|
從1986年的《輓歌首部曲》(Elegy)開始,「輓歌」是蘇古諾夫創作中的一種特殊曲式,不只涵蓋了一系列《……輓歌》的紀錄片,同時也穿透在他其他紀錄片與劇情片裡;所表達的基調是一種來自里爾克(Rilke)《杜伊諾哀歌》(Duino
Elegies)的精神狀態:意即恐怖與極樂的同一宿命。

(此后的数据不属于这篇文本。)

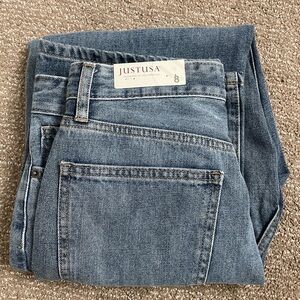 JustUSA super high rise jeans. Medium wash. Brand new with tags. Size 8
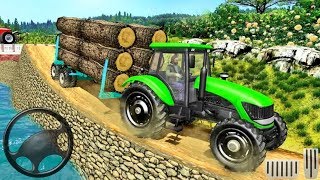 Real Tractor Trolley Cargo Farming Simulation Game - Android gameplay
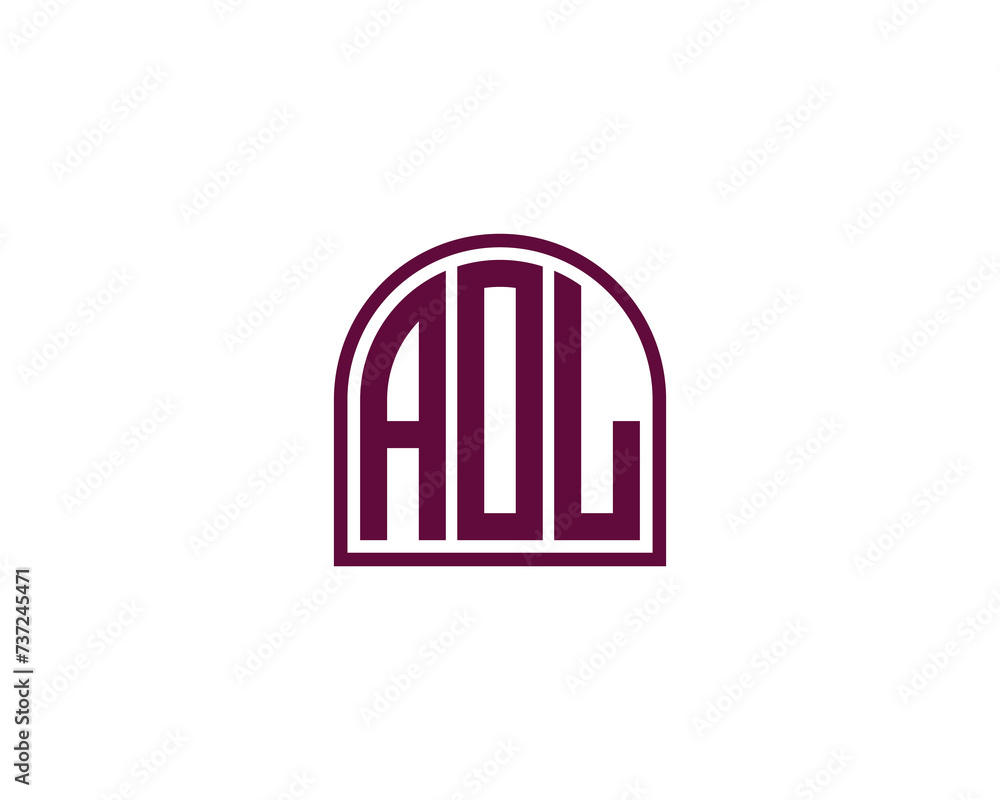 AOL logo design vector template AOL logo design vector template
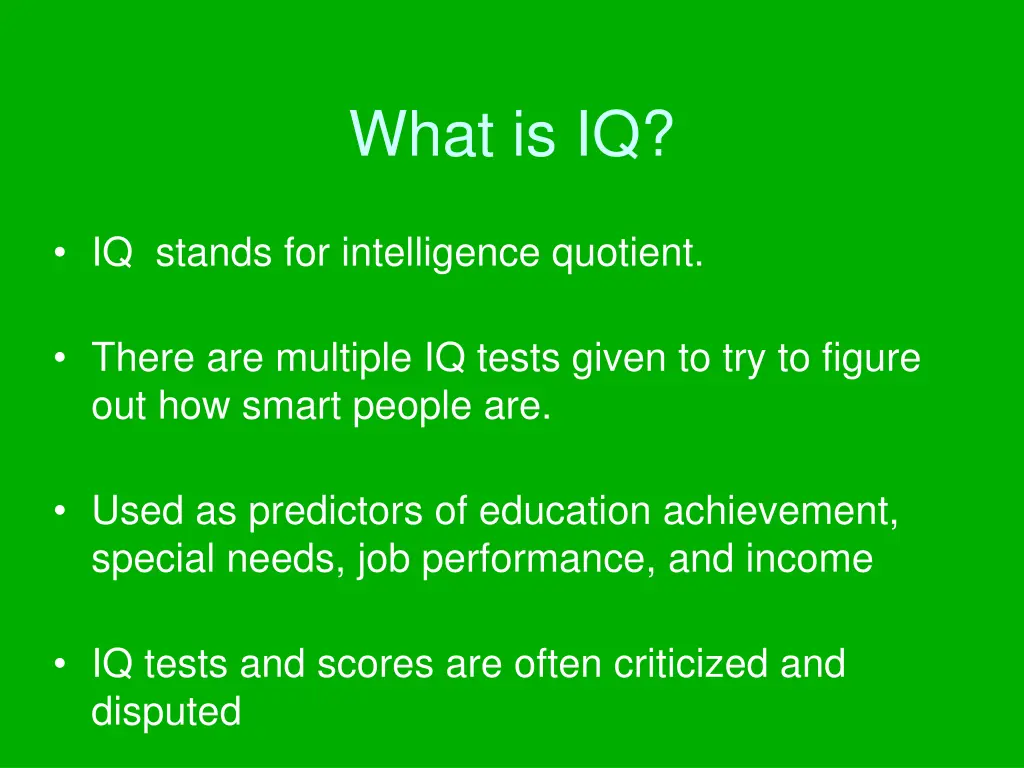 what is iq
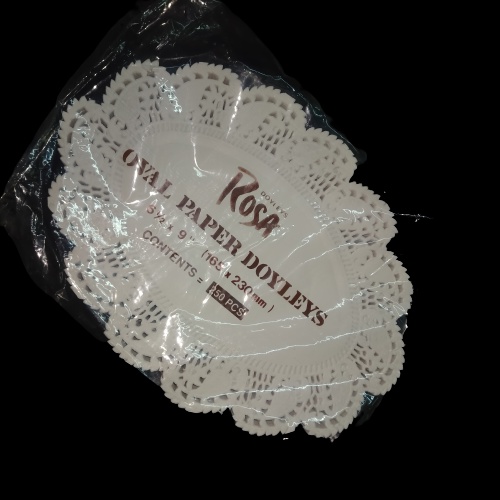 [250pcs] Paper Doyleys Oval Rosa | Paper Doilies Oval Rosa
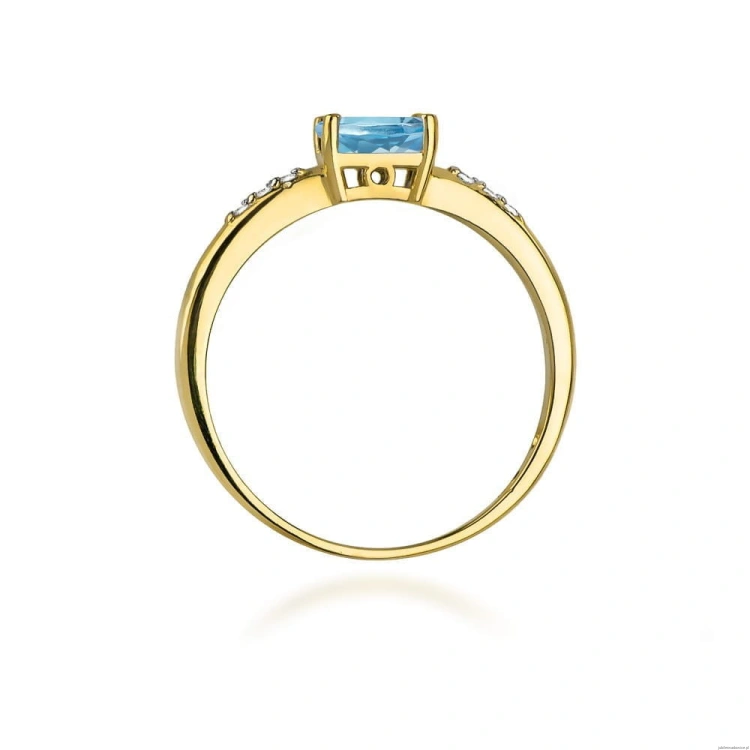 Pierścionek W077 Topaz 0,50ct żółte złoto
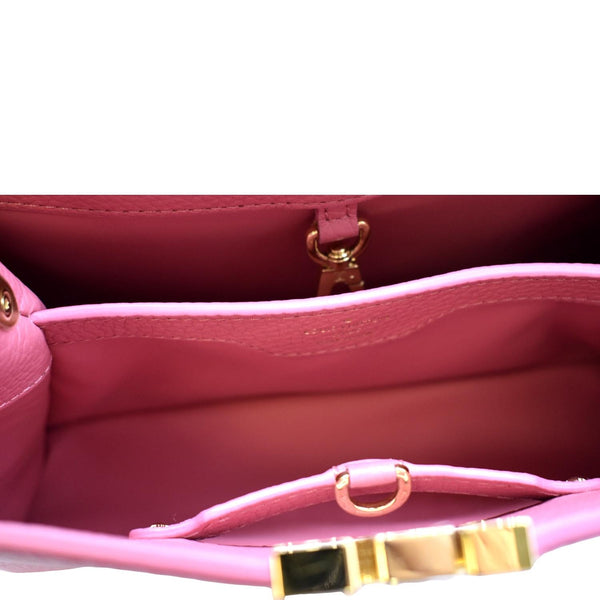 LOUIS VUITTON Capucines BB Leather Satchel Bag Scarlet Red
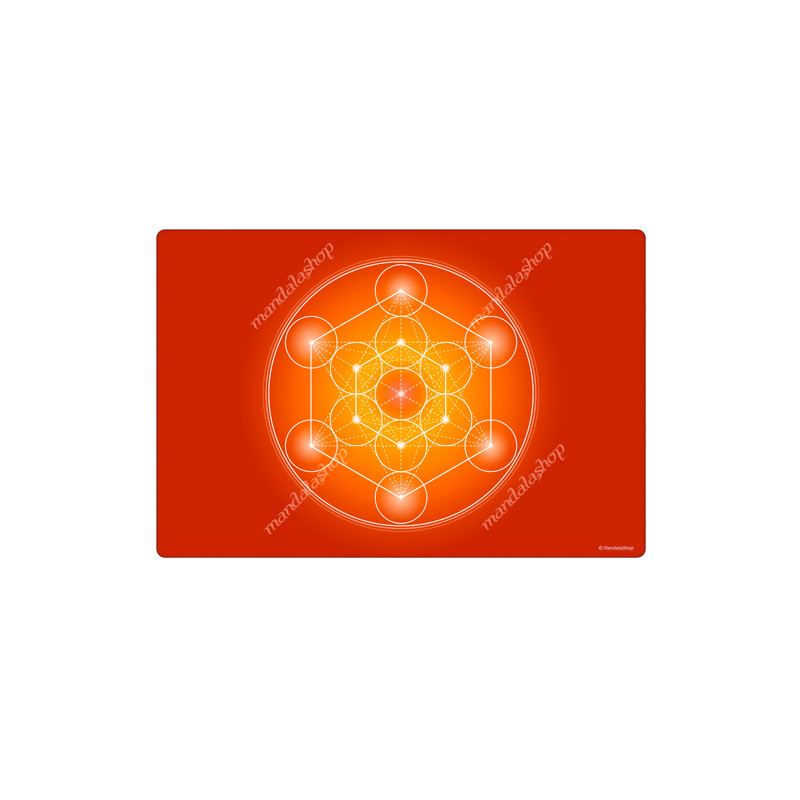Tapis harmonisant Cube de Métatron orange
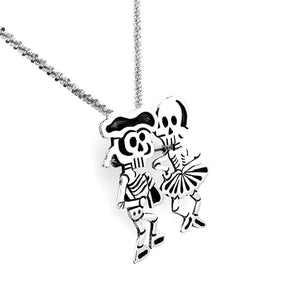 %product Matador Skeleton Silver Pin Pendant Nueve Sterling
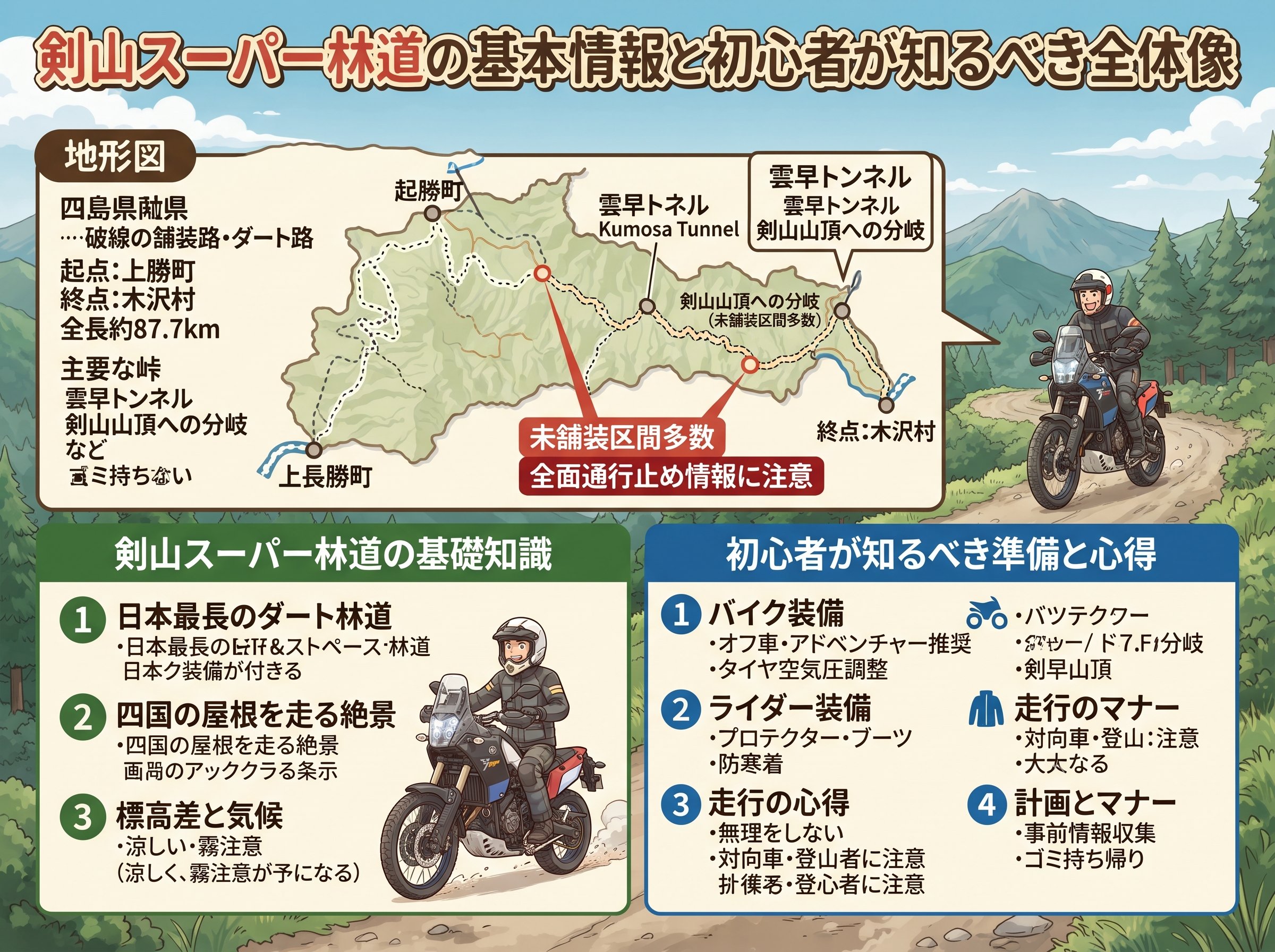 剣山スーパー林道の基本情報と初心者が知るべき全体像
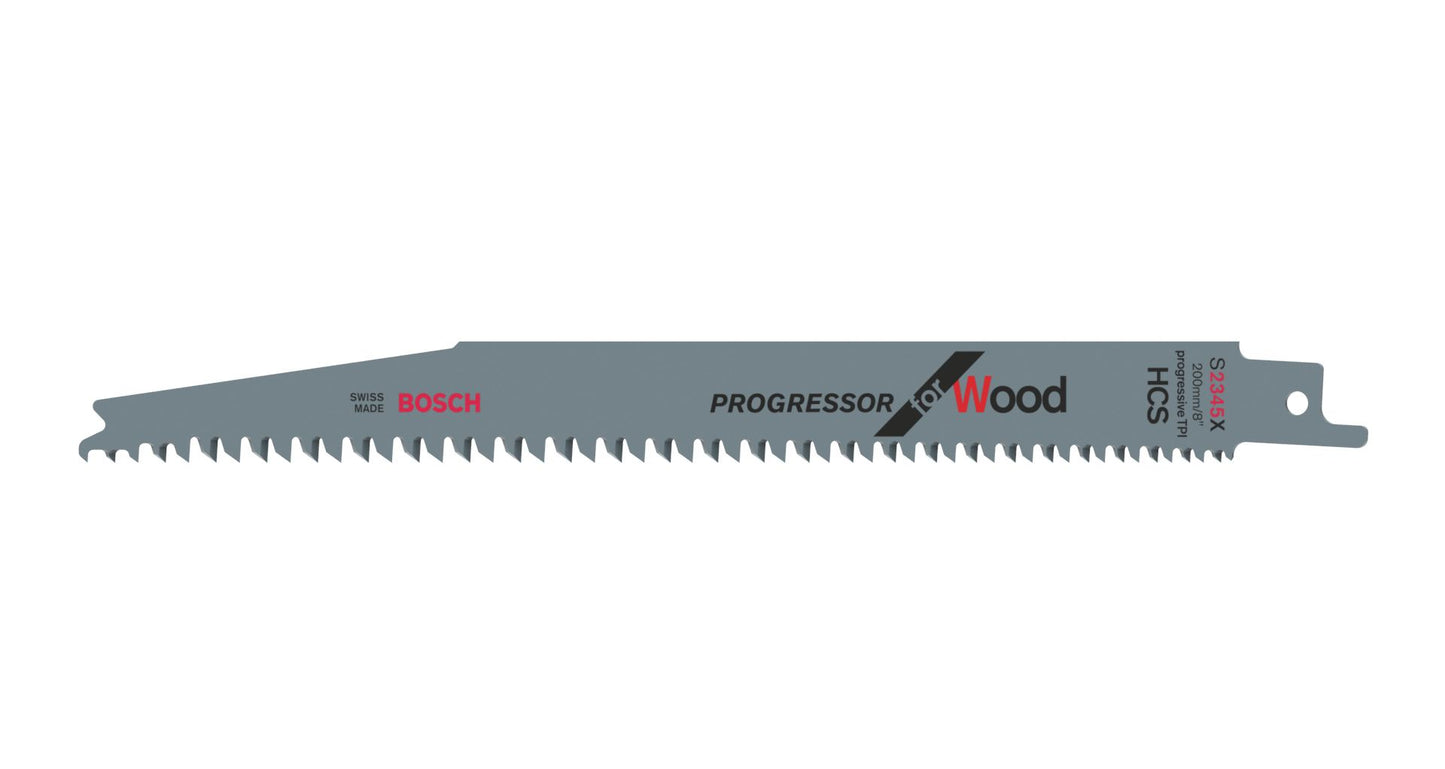 BOSCH 2608654404 PACK OF 5 S2345X PROGRESSOR WOOD SABRESAW BLADES 6-60mm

儘管將近十部的「輓歌」,以及像《瑪莉亞》(Maria)、《甜蜜》(Dolce...)、《Confession》、《希特勒末日》(Moloch)、《創世紀》(Russian
Ark)、《太陽》(The Sun)等等這些非輓歌命名的影片,一再地展現著一種風格化的調性,然而,可能要一直到《生命輓歌》(Elegy of
Life: Rostropovich, Vishnevskaya),這曲式才得以被充分地彰顯,不論巧與不巧,唯有到這一部特別涉及音樂的紀錄片,我們才較能清楚地體會到迴盪在他作品中奇特的畫外獨白(monologue
with
over-voice)究竟藏匿著什麼樣的心靈。曲式與聲音在這部作品中的清晰度,讓我不得不在這裡重申,這部影片的重要性絕不僅是大提琴大師羅斯卓波維奇生前最後一部紀錄片,更為重要的是電影如何能再現音樂家的靈魂,如何能夠承載聲音的重量。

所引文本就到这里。